Now I know that there are good reasons for all this: in this virtual world, it's nice to be able to claim something as "My Space"...and I know that I have praised brands like My Muesli on this blog for their custom-made individuality. And of course I believe that brands "belong" to the people that use them and make them their own, anyway. But do we have to be reminded of this with all these twee names?
Retailers and services are particularly prone to this: Your M&S probably started it off in the UK. But, interestingly, while it's all "Your" when they are talking in general, the products suddenly become repossessed when they want to show off a bit: "OUR cashmere sweaters can be washed at freezing point so WE don't contribute to global warming". And what about all those banks that seem to forget that they are playing around with MY money?

Thursday 2 October 2008

Bog Roll

I am fascinated by brand naming and, being British, particularly intrigued by the names given to all things relating to the toilet.
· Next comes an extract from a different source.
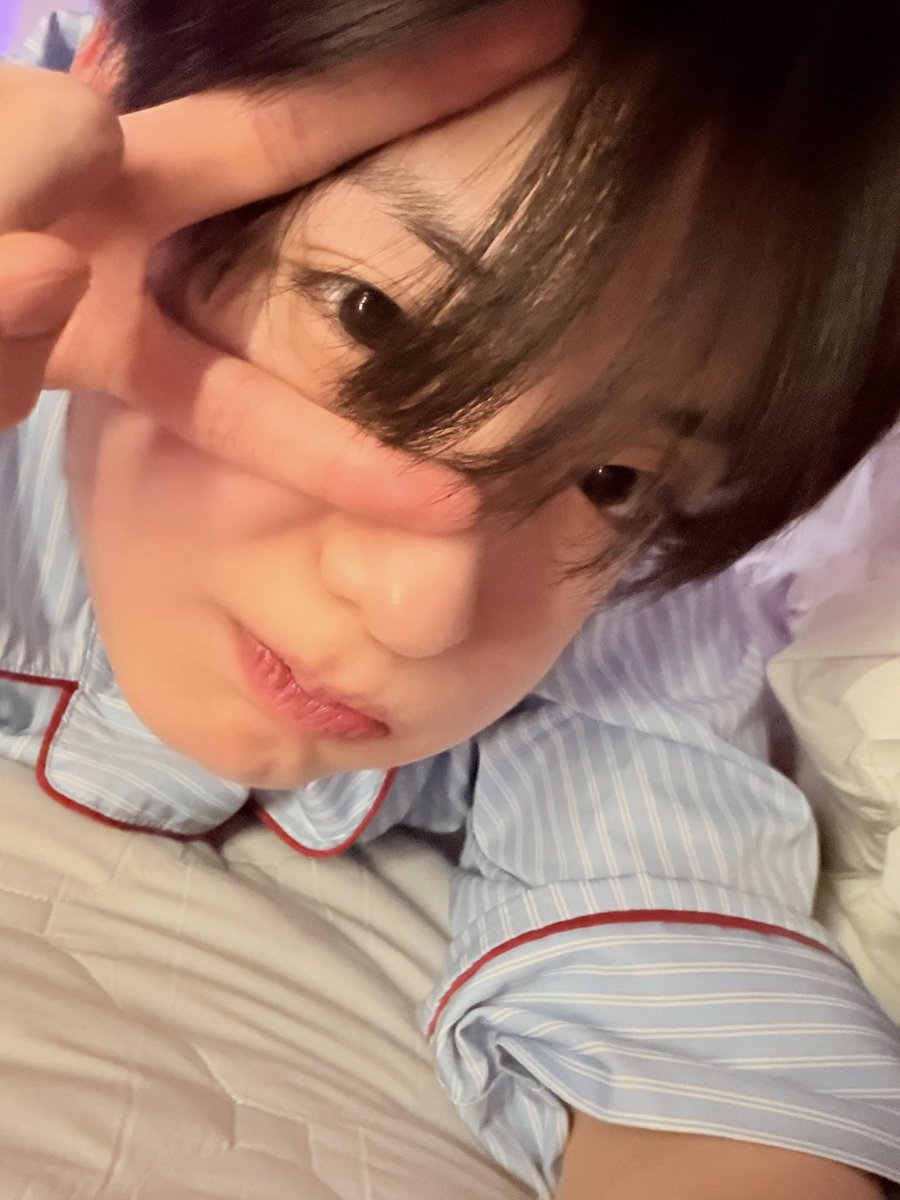 ALLYZ 여러분 뭐해요?? 저 너무 심심해요..

#ALPHADRIVEONE #ALD1
#알파드라이브원
#SANGHYEON #상현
So, in a totally frivolous post, and in the tradition of that great British TV show "Call my Bluff", let's have a look at some of the names that German discounters dream up for their Own Label bog roll.
1. Is "Floralys"
a. A nasty disease you get from toilet seats in dodgy clubs?
b. A new colonic-irrigation procedure?
c. Lidl's Own Label Bog Roll?
2. Is "Kokett"
a. A promiscuous and foul-mouthed girl from the North of England?
b. A processed potato side-dish?
c. Aldi's Own Label Bog Roll?
You get the idea. My second prize for the best German discounter Bog Roll name has to go to Plus, who not only call their Bog Roll "Touching" but follow that one up with calling their tissues "Feeling". Both of these names make me feel distinctly queasy in this context.
And the winner is....Penny, with the best Bog Roll name of all time:"Happy End". Now, what on earth can the thought process leading to that one be?